Fall stargazing is about to get even more exciting. On October 14, 2023, the Moon will partially block the Sun, turning it into a stunning "ring of fire." The annular — Latin for ring-shaped — solar eclipse will be visible within a roughly 125-mile-wide (201 km) path from Oregon to Texas. The last time the US witnessed an annular eclipse was on May 20, 2012. The next time will not be until July 2084!
An annular eclipse is similar to a total eclipse. The Moon, Earth, and Sun are aligned so that the Moon moves directly in front of the Sun as viewed from Earth. However, since the Moon is at its farthest distance from Earth, it appears smaller and does not entirely block out the light from the Sun. This results in an incredible "ring of fire" around the Moon.
The annular solar eclipse's path
In the US, the annular solar eclipse will begin in Oregon at 9:13 AM PDT and head downward across Nevada, Utah, and New Mexico. It will also encompass parts of Idaho, California, Arizona, and Colorado, before exiting into the Gulf of Mexico at Corpus Christi, Texas, at 12:03 AM CDT (10:03 AM PDT).
From there, the eclipse will cross over Mexico and Central America, before ending over the Atlantic Ocean. Those just outside its narrow path will be able to see a partial eclipse. The Moon will appear to have taken a big chunk (65 percent) out of the Sun.
The entire eclipse — from when the Moon starts to block the Sun until it is back to normal — will last about 2 1/2 to three hours in any given area. The "ring of fire" portion will be visible for three to five minutes, depending on location.
How to view the eclipse
If you are among the fortunate ones in the eclipse's path, seek out a clear viewing area. You can go to a beach or to the top of a tall building. Also, always use solar eclipse glasses to prevent eye damage. The special glasses are available for free at libraries across the US. If you cannot get a pair, make a pinhole camera and project the Sun's disk onto paper or another surface.
Eclipses come in pairs!
Those unable to see the annular or partial eclipse will be pleased to know that eclipses come in pairs. A solar eclipse is usually followed by a lunar eclipse and vice versa. The celestial events usually occur within two weeks of each other during an "eclipse season."

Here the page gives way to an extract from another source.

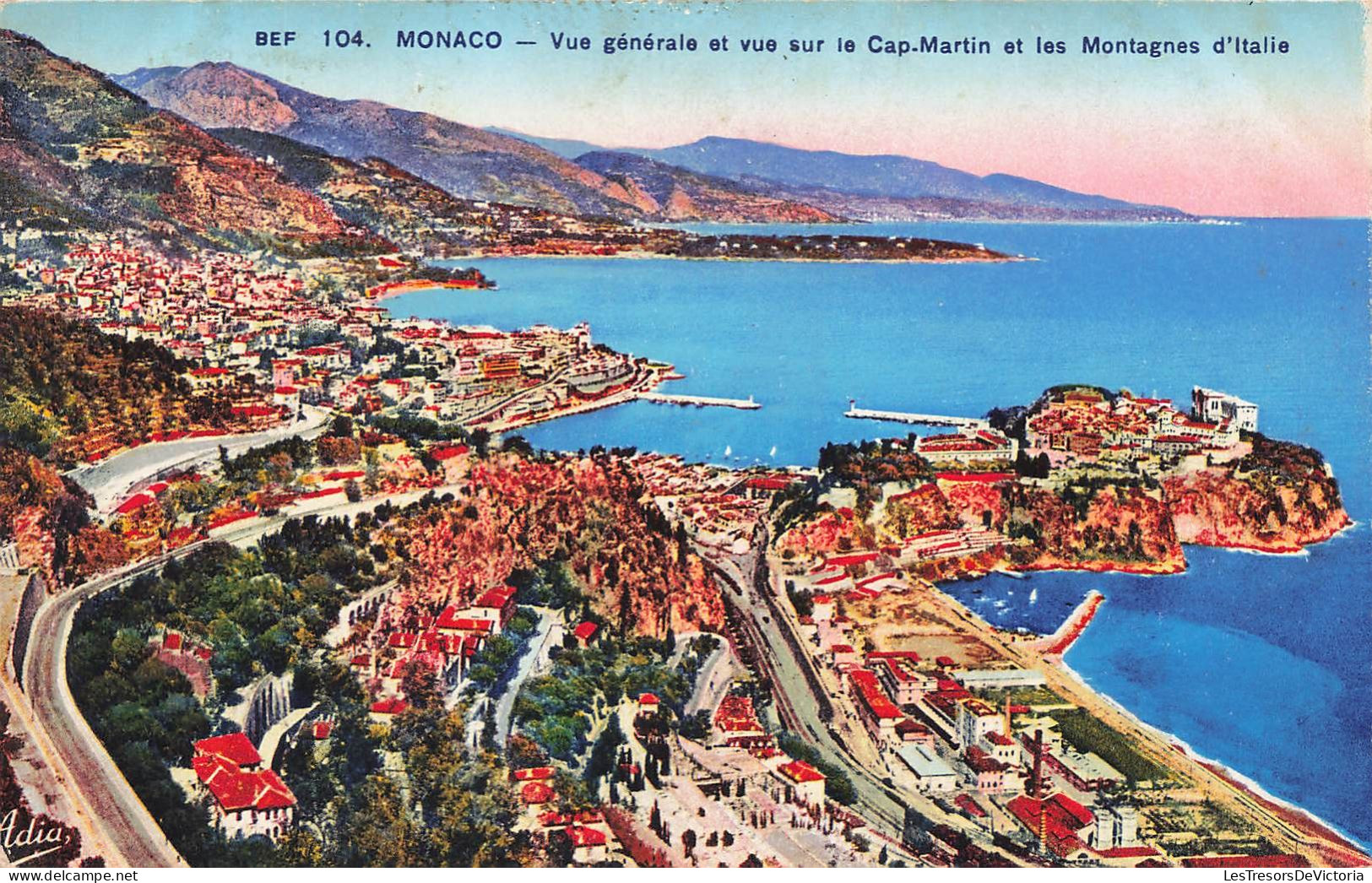 MONACO - Vue Générale Et Vue Sur Le Cap-Martin Et Les Montagnes D'Italie - Carte Postale Ancienne - Monte-Carlo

This means a partial lunar eclipse will occur on October 28, 2023. Unlike solar eclipses, lunar eclipses can be seen wherever the Moon is above the horizon. This month, that will include Asia, Russia, Africa, the Americas, Europe, Antarctica, and Oceania.
If that is not exciting enough, on April 8, 2024, the Moon will cover the Sun's entire disk for a few minutes. The spectacular total solar eclipse will be visible across Mexico, the central United States, and eastern Canada.